§ Material to process:
########
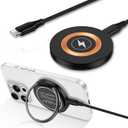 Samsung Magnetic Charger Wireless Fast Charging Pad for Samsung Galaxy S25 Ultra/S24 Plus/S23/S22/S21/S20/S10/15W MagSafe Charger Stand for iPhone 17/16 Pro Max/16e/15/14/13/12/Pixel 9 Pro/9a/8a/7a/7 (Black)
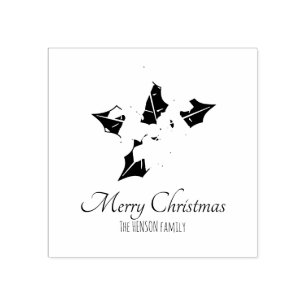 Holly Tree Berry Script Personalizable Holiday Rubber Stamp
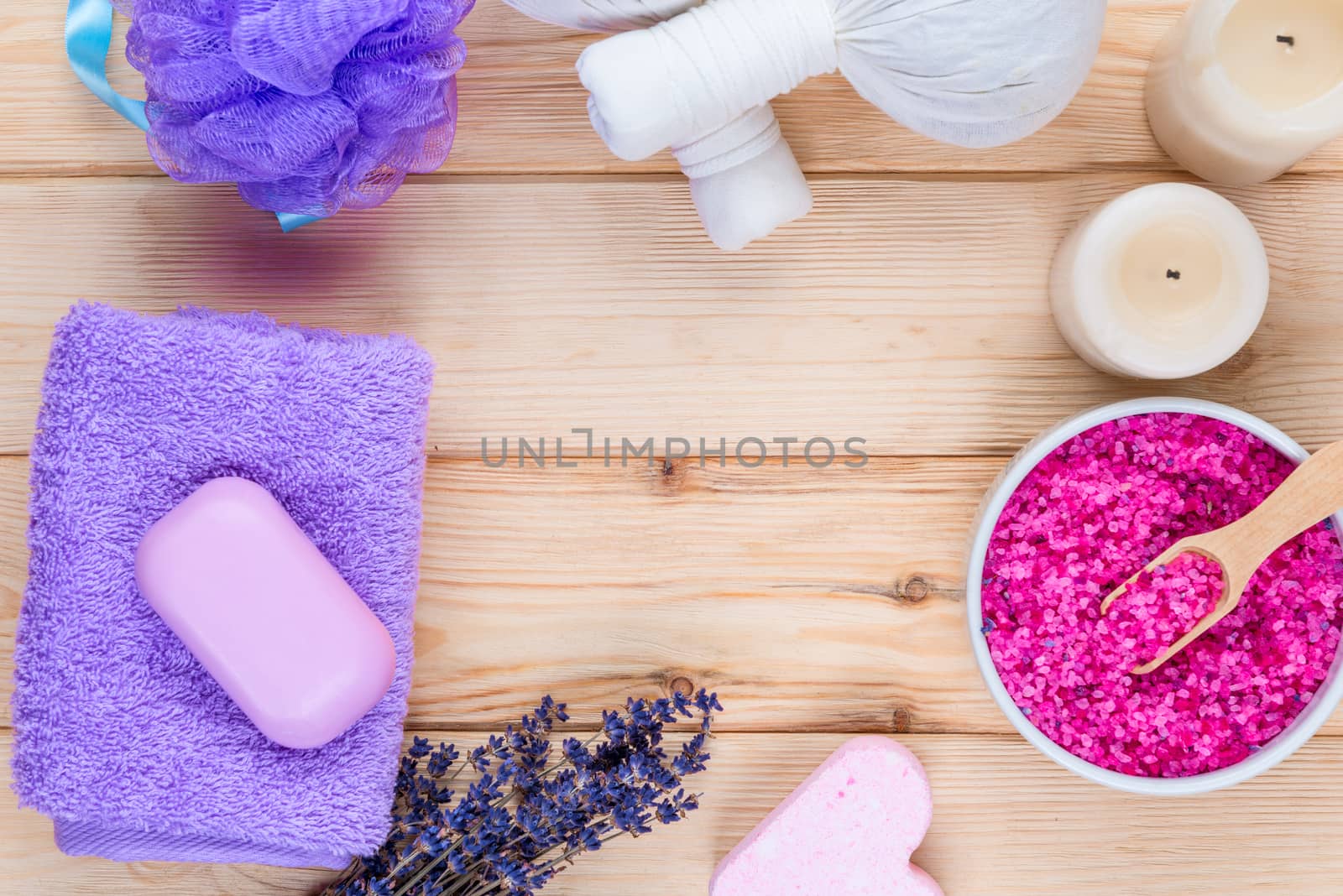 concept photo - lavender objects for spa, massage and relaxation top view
########
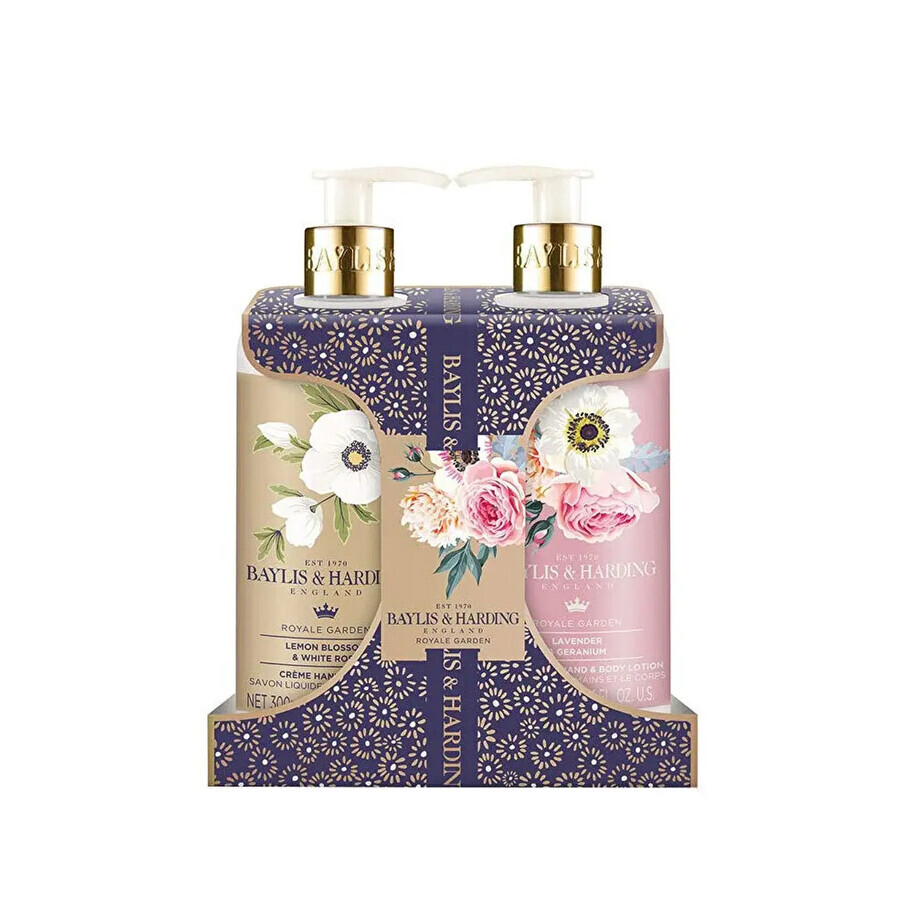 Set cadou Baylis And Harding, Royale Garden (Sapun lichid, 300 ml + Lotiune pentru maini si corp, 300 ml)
########
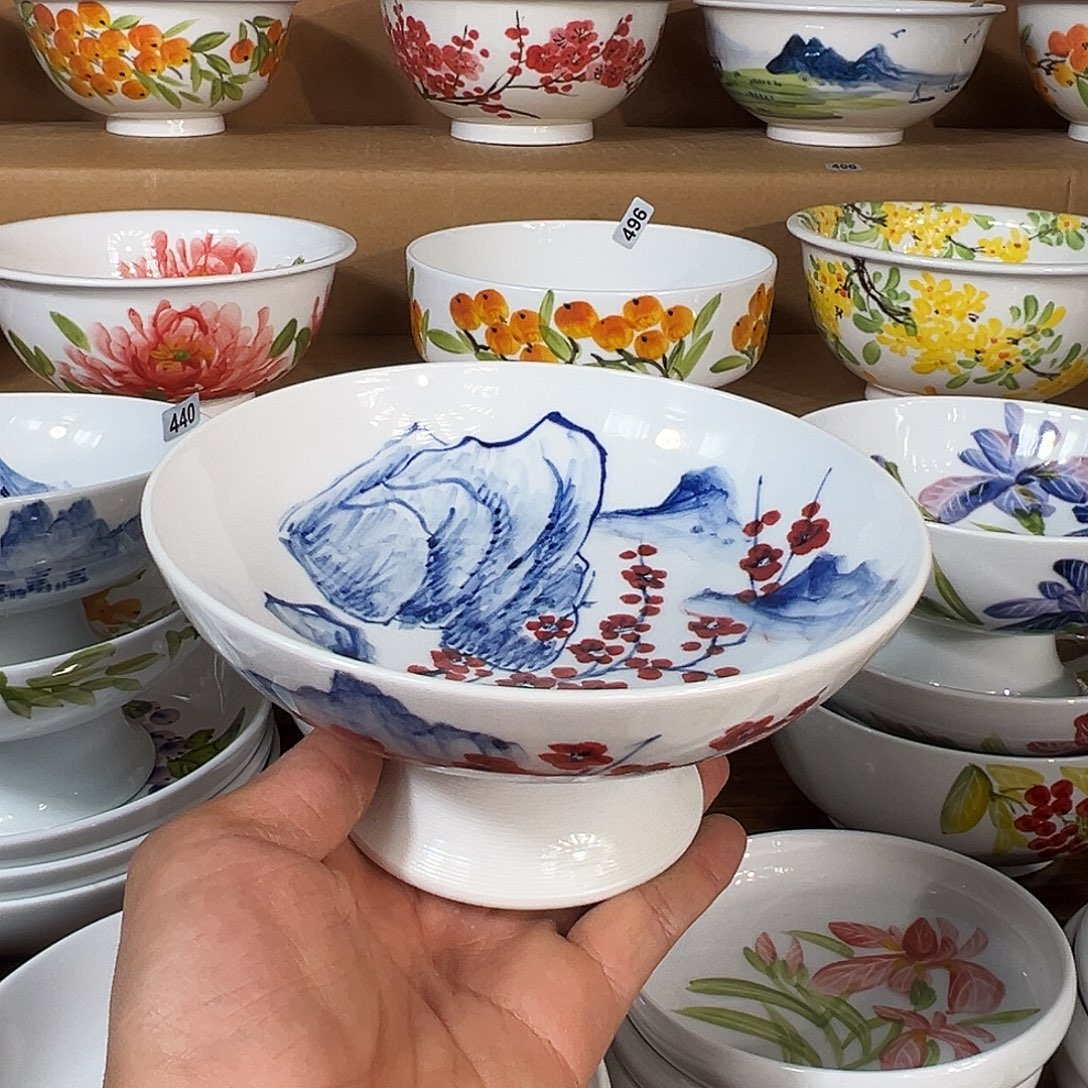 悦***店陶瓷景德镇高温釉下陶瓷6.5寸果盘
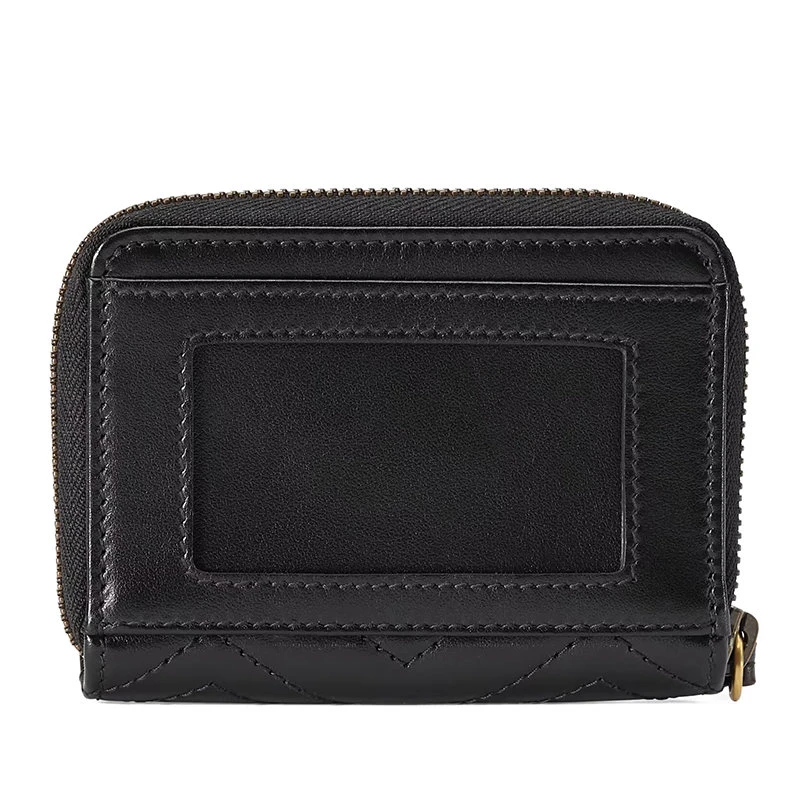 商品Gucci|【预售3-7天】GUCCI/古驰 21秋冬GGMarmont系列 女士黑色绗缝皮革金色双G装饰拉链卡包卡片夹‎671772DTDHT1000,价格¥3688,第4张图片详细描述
########
§ Required action:
Set down, exactly as written above, each line from the one with "Samsung Magnetic Charger" through the one with "Holly Tree Berry", and skip the pictures.

§ Solution:
 Samsung Magnetic Charger Wireless Fast Charging Pad for Samsung Galaxy S25 Ultra/S24 Plus/S23/S22/S21/S20/S10/15W MagSafe Charger Stand for iPhone 17/16 Pro Max/16e/15/14/13/12/Pixel 9 Pro/9a/8a/7a/7 (Black)
 Holly Tree Berry Script Personalizable Holiday Rubber Stamp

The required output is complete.